The feature is called Tombaugh Regio in honor of astronomer Clyde Tombaugh, who discovered Pluto in 1930. But the heart is not all one element, scientists say. And for decades, details on Tombaugh Regio’s elevation, geological composition and distinct shape, as well as its highly reflective surface that is a brighter white than the rest of Pluto, have defied explanation.
A deep basin called Sputnik Planitia, which makes up the “left lobe” of the heart, is home to much of Pluto’s nitrogen ice.
The basin covers an area spanning 745 miles by 1,242 miles (1,200 kilometers by 2,000 kilometers), equivalent to about one-quarter of the United States, but it’s also 1.9 to 2.5 miles (3 to 4 kilometers) lower in elevation than the majority of the planet’s surface. Meanwhile, the right side of the heart also has a layer of nitrogen ice, but it’s much thinner.
Johns Hopkins University Applied Physics Laboratory/Southwest Research Institute/NASA
The New Horizons spacecraft took an image of Pluto’s heart on July 14, 2015.

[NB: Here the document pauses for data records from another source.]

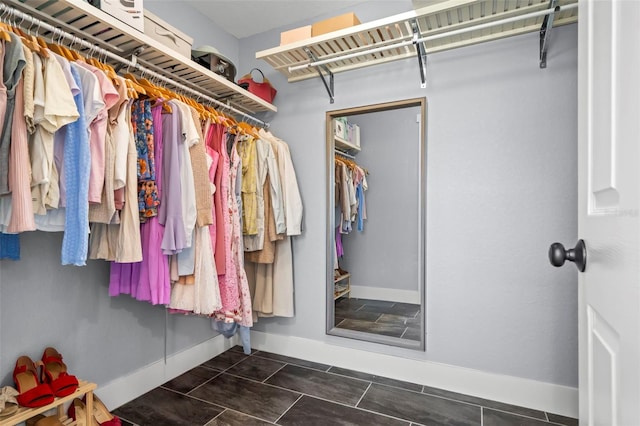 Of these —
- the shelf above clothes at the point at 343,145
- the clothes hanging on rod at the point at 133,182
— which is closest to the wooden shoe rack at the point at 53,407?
the clothes hanging on rod at the point at 133,182

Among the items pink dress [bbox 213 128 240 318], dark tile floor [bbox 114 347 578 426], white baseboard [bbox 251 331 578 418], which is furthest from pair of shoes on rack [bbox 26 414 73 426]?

Through new research on Sputnik Planitia, an international team of scientists has determined that a cataclysmic event created the heart. After an analysis involving numerical simulations, the researchers concluded a planetary body about 435 miles (700 kilometers) in diameter, or roughly twice the size of Switzerland from east to west, likely collided with Pluto early in the dwarf planet’s history.
The findings are part of a study about Pluto and its internal structure published Monday in the journal Nature Astronomy.
Previously, the team studied unusual features across the solar system, such as those on the far side of the moon, that were likely created by collisions during the early, chaotic days of the system’s formation.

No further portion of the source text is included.